Reizfütterung mit Honig-Zuckerteig im Frühjahr

Die Frühlingsreizfütterung mit Honig-Zuckerteig ist ein diskutiertes Verfahren, das den Entwicklungsverlauf der Bienenvölker besonders bei noch kühlem Wetter positiv beeinflussen kann. Gerade in Phasen, in denen die natürlichen Ressourcen nicht ausreichend genutzt werden können, stellt diese Maßnahme für Imker eine strategische Unterstützung dar, um ihre Bienenvölker optimal auf die honigreiche Frühlingssaison vorzubereiten.

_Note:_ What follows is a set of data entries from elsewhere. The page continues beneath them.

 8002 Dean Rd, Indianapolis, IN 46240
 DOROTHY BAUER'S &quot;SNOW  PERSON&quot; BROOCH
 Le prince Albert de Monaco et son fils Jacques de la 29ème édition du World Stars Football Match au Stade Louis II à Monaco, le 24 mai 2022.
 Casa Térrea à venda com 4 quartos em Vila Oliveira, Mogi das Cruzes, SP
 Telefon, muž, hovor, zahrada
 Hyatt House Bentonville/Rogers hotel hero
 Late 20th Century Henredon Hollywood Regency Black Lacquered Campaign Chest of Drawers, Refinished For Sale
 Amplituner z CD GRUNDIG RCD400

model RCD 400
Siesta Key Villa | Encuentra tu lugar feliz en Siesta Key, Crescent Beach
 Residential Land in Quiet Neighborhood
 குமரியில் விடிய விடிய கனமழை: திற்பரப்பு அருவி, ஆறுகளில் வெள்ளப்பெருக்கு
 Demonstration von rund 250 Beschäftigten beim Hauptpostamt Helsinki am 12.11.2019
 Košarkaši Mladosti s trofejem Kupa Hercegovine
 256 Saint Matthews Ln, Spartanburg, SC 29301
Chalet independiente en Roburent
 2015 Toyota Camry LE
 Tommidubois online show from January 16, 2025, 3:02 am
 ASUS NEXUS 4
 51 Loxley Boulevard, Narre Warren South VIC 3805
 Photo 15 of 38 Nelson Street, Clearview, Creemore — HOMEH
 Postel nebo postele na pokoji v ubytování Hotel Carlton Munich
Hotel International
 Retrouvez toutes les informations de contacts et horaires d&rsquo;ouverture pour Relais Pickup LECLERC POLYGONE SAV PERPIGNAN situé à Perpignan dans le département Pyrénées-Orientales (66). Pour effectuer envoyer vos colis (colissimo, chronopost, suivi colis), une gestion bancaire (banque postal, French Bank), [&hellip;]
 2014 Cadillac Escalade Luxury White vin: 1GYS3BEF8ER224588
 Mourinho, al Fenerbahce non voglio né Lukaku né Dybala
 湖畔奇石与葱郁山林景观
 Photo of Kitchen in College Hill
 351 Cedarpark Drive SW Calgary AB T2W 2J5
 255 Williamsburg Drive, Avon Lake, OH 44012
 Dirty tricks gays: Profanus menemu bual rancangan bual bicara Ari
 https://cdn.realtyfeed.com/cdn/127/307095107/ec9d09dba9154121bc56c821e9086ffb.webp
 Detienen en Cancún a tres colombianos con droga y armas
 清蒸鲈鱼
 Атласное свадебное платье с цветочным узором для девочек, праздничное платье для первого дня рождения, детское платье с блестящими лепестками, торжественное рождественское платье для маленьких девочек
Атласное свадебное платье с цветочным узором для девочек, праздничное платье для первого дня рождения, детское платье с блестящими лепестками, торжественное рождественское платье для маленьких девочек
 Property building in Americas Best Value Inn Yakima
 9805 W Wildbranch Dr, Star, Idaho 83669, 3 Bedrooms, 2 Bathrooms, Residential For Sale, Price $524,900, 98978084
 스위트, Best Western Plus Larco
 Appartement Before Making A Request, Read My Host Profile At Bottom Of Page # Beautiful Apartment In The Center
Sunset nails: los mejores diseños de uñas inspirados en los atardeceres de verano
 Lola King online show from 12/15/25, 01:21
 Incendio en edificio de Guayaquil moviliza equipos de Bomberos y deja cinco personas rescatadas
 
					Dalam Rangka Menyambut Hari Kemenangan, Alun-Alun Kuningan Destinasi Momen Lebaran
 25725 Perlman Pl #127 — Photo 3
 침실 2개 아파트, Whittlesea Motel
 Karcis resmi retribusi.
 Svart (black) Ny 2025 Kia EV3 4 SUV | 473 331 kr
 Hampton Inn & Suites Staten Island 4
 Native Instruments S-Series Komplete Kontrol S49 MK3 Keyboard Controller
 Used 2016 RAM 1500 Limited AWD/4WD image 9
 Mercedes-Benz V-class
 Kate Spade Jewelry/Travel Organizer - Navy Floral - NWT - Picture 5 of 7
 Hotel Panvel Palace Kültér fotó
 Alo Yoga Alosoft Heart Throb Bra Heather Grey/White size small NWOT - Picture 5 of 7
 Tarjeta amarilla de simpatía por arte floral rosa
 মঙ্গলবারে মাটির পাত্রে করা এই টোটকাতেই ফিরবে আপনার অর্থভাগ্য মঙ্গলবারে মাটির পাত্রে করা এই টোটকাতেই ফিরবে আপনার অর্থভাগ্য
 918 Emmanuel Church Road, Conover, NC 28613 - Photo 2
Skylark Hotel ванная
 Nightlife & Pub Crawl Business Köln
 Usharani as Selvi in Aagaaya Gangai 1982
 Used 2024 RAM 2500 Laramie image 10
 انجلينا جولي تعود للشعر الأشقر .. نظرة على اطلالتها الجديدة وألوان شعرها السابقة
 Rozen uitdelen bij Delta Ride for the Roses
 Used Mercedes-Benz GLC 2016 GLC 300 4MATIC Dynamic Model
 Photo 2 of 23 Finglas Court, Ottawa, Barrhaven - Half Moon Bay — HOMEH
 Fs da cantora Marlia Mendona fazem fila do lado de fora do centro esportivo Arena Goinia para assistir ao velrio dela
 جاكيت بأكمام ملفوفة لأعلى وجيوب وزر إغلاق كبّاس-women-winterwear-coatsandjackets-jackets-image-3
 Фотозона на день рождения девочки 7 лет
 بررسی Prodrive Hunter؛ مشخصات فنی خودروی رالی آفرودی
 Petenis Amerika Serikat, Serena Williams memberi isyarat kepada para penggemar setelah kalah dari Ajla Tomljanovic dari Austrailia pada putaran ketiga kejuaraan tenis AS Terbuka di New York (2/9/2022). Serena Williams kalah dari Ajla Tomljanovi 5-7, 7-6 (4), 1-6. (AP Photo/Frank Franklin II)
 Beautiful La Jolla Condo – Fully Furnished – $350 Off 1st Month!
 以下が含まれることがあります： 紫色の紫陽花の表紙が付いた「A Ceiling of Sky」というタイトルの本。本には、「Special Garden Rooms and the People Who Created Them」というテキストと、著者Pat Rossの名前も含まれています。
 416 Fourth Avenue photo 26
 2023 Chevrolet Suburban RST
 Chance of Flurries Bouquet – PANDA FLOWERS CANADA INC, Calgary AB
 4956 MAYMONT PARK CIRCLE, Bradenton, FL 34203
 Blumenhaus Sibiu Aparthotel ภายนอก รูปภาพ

Vorteile der Fütterung mit Honig-Zuckerteig

Honig-Zuckerteig bietet Bienen energiereiche Nahrung, ohne dass sie bei Außenkälte den Stock verlassen müssen. Imker berichten häufig, dass die Gabe dieses Futtermittels die Königin deutlich zu stärkerer Eiablage stimuliert. Das ist speziell dort von entscheidender Bedeutung, wo eine zügige Volkentwicklung beispielsweise zur Rapstracht gewünscht wird.

Der Einfluss des Wetters auf die Reizfütterung

Die Wetteraussichten sind ein wesentlicher Faktor bei Entscheidungen zur Reizfütterung. Lange kühle Perioden schränken natürliche Brutentwicklung oft ein. So wird die zusätzliche Fütterung, in Zeiten ungünstiger Frühjahrswitterung, notwendig. Man sollte dennoch beachten: Reizfütterung wirkt nur dann optimal, wenn das Volk stark genug und mit ausreichenden Vorräten ausgerüstet ist.

Optimale Anwendung von Honig-Zuckerteig

  1. Zeitpunkt des Starts: Wichtig ist, nach dem ersten Frühlingsflug mit beginnendem Polleneintrag zu starten. Die Gabe des Honig-Zuckerteigs stimuliert das Brutnestwachstum deutlich, ohne dass Bienen bei ungünstigen Bedingungen ausfliegen müssen.
  2. Prüfung der Vorräte: Prüfen Sie vorab sorgfältig, ob Ihre Völker tatsächlich zusätzlichen Fütterungsbedarf haben. Eine Überversorgung mit süßem Futter könnte ebenfalls Nachteile mit sich bringen und die freie Entwicklung des Brutnestes behindern.
  3. Mengen und Gabe: Üblicherweise genügt etwa ein Kilogramm Honig-Zuckerteig direkt auf den Oberträger gestellt. Dieses Maß simuliert eine Trachtsituation ausreichend, ohne Risiko einer späteren Zucker-Einlagerung im Bienenhonig.
  4. Kontrolle der Völker: Kontrollieren Sie fortlaufend, wie der Zuckerteig angenommen wird. Beobachten Sie das Volk regelmäßig auf Anzeichen einer übermäßigen Schwarmstimmung.

Kritik an der Methode und alternative Wege

Kritische Stimmen argumentieren, dass Reizfütterung an Stellenwert verloren habe. Seiner Ansicht nach reagierten Bienenvölker eher auf natürliche Signale. Tatsächlich brauchen gesunde Bienenvölker bei ausreichend eingelagerten Vorräten, Wasserzugang und gutem Polleneintrag lediglich Wärme für einen schnellen Frühlingsstart. Neben der klassischen Reizfütterung zeigt sich auch die Zugabe von Wasser ins Volk als eine erfolgsversprechende alternative Maßnahme.

Die Fütterung mit Honig-Zuckerteig ist ein bewährtes Hilfsmittel, um Bienenvölker im Frühling optimal zu fördern. Es muss jedoch an den jeweiligen Zustand und Bedarf des Volkes angepasst erfolgen. Bei richtiger Anwendung unterstützt diese Methode die Völkerentwicklung entscheidend und ermöglicht somit erfolgreiche Honigerträge in der beginnenden Saison.